*** Opening of RECORDS PROVIDED ***

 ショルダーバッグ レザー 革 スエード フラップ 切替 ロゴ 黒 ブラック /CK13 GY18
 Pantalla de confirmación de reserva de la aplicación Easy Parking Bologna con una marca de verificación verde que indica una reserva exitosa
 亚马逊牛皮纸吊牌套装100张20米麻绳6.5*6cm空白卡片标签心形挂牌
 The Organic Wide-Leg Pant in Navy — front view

*** Close of RECORDS PROVIDED ***
*** Opening of RECORDS PROVIDED ***

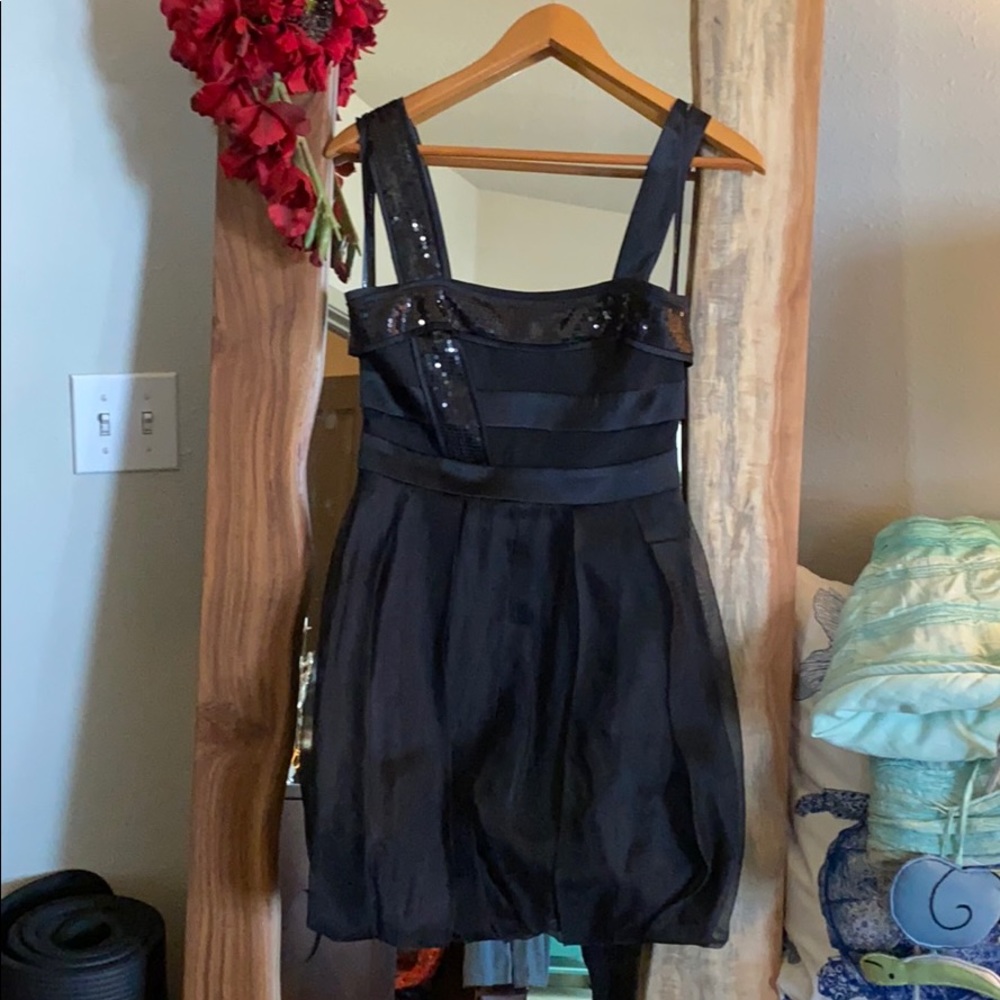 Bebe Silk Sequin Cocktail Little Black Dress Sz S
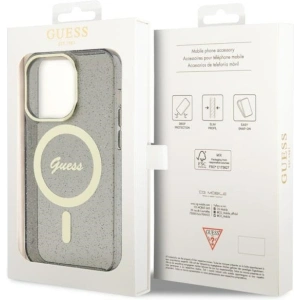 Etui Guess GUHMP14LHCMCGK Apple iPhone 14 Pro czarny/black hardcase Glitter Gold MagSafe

*** Close of RECORDS PROVIDED ***

» YOUR INSTRUCTIONS: Give back, exactly as written, the stretch from the line with "ショルダーバッグ レザー 革" through the line with "The Organic Wide-Leg", and no other lines from the records above.

» EXERCISE RESULT:
 ショルダーバッグ レザー 革 スエード フラップ 切替 ロゴ 黒 ブラック /CK13 GY18
 Pantalla de confirmación de reserva de la aplicación Easy Parking Bologna con una marca de verificación verde que indica una reserva exitosa
 亚马逊牛皮纸吊牌套装100张20米麻绳6.5*6cm空白卡片标签心形挂牌
 The Organic Wide-Leg Pant in Navy — front view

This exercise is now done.